Les parents observaient avec tendresse leur chien et leur fils de trois mois s’endormir ensemble dans le même petit lit… jusqu’au jour où, en ouvrant la porte de la chambre d’enfant, ils furent saisis d’horreur par ce qu’ils virent.
Dès le premier jour où le bébé fut ramené à la maison depuis la maternité, le chien sembla sentir qu’un être qu’il fallait protéger par-dessus tout venait d’entrer dans la maison. Il s’approchait prudemment du berceau, posait son museau sur le bord et observait en silence l’enfant endormi.
Avec le temps, un véritable lien s’est créé entre eux. Le bébé souriait lorsque le chien remuait la queue ou lui léchait doucement la main, et lui, comme s’il comprenait son rôle, restait toujours près de lui.
Peu à peu, les parents remarquèrent que l’enfant ne se calmait qu’en présence du chien. Ils passaient presque tout leur temps ensemble : ils jouaient, ramapaient sur le tapis, puis, le soir venu, ils s’endormaient l’un contre l’autre.

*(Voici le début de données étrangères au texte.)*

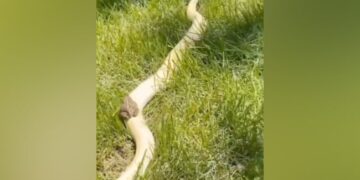 Video Of Frog Riding A Dangerous Snake Goes Viral, Forest Officer Said- Players Of Danger – ख़तरनाक सांप की सवारी करते हुए मेढ़क का वीडियो वायरल, वन अधिकारी ने कहा
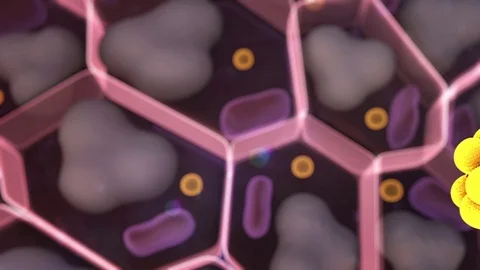 Cholesterol in a cells Stock Footage 74393626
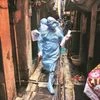 coronavirus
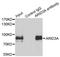 AT-Rich Interaction Domain 3A antibody, orb373682, Biorbyt, Immunoprecipitation image 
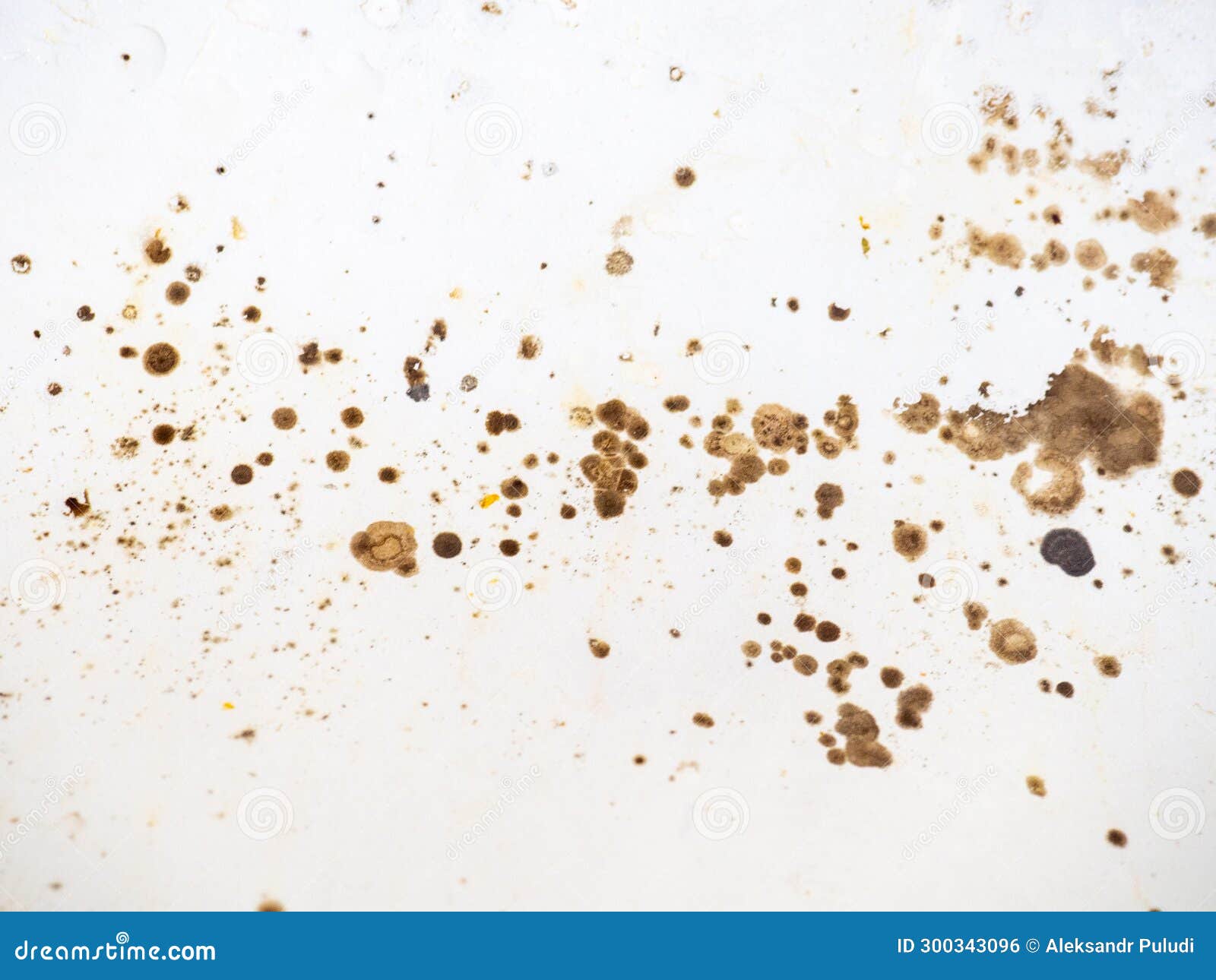 Brown Mold on White Bathroom Enamel. Bacteria House Concept Stock Photo Image of fungu, white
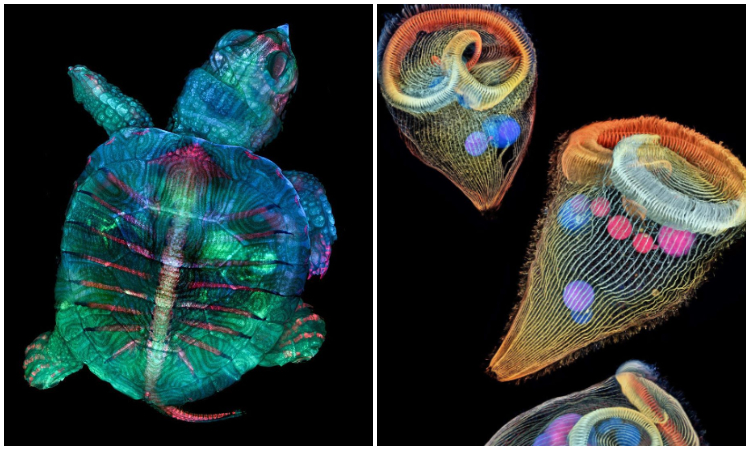 Una tortuga fluorescente y más imágenes de vida microscópica, dejó el premio Nikon Small World 2019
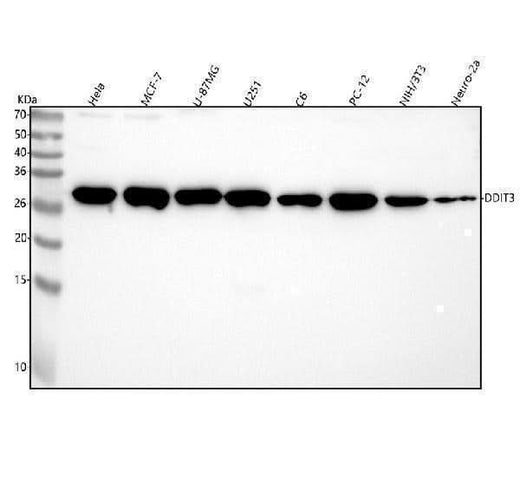 Anti-DDIT3/Chop Rabbit Monoclonal Antibody Boster Bio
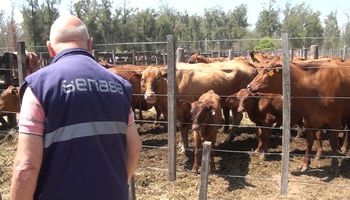 Senasa estableció un nuevo marco regulatorio para las vacunas virales no vesiculares bovinas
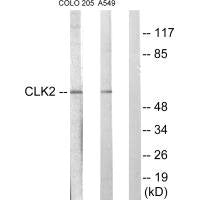 CLK2 Antibody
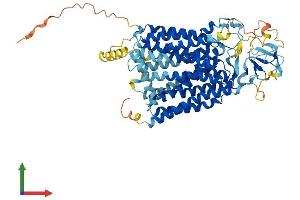 Protein Structure (PS) image for Solute Carrier Organic Anion Transporter Family, Member 2A1 (SLCO2A1) (AA 1-643) protein (His tag) (ABIN7555608)
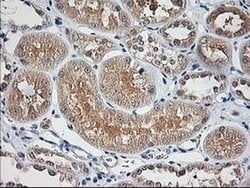 NIF3L1 Monoclonal Antibody (OTI2B7), TrueMAB , OriGene 100 &mu;L; Unconjugated:Antibodies,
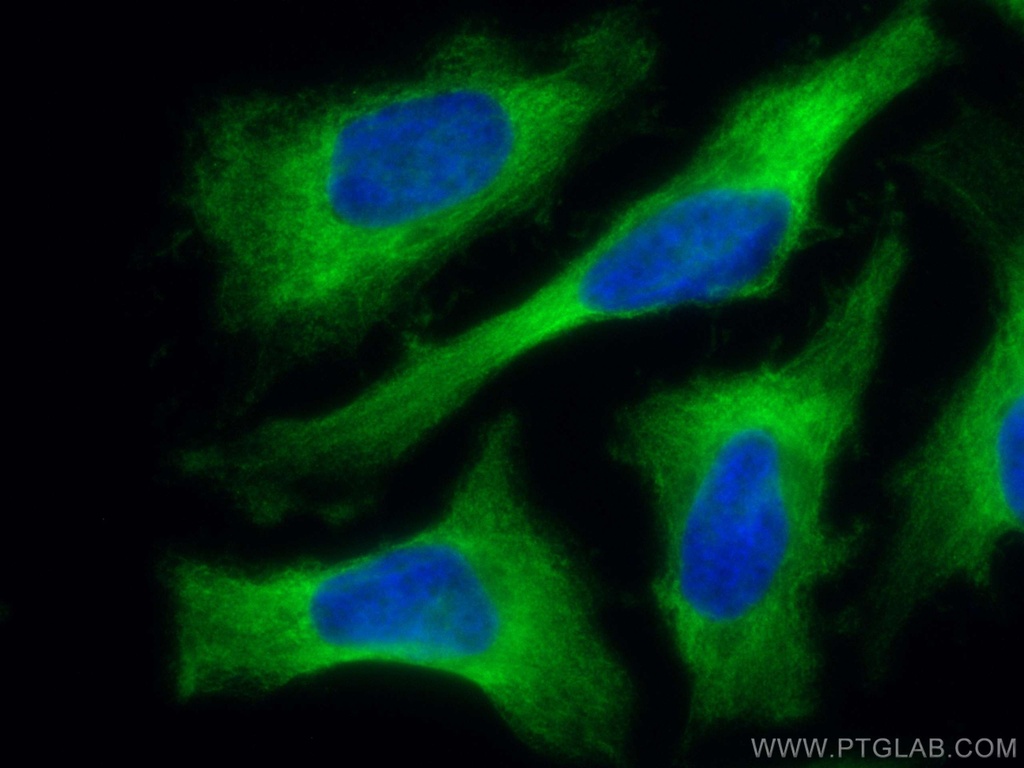CoraLite®488-conjugated RACK1; GNB2L1 Monoclonal antibody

C’était tellement attendrissant que les parents ne pouvaient retenir leur sourire et les filmaient souvent. Ils avaient l’impression d’assister à une véritable amitié — pure, sincère, pleine de confiance. Le chien était devenu pour le bébé comme une seconde nounou, un véritable protecteur.

Mais un soir, tout changea.
Comme d’habitude, on entendait un léger souffle venant de la chambre d’enfant, et les parents décidèrent d’aller vérifier que tout allait bien. Ils ouvrirent la porte — et restèrent pétrifiés d’horreur.
Le cœur de la mère se serra : l’enfant était allongé sans bouger, ses lèvres étaient bleues, sa respiration à peine perceptible, et des taches rouges étaient apparues sur sa peau.
Le chien, ne comprenant pas ce qui se passait, poussait le bébé avec inquiétude de son museau, essayant de le réveiller.
Le père appela les secours en panique. La mère serra son fils contre sa poitrine, priant pour qu’il recommence à respirer. Les médecins arrivèrent en quelques minutes.
Après l’examen, ils annoncèrent la terrible cause : l’enfant avait fait une grave réaction allergique aux poils du chien. Encore un peu, et sa vie aurait pu s’éteindre.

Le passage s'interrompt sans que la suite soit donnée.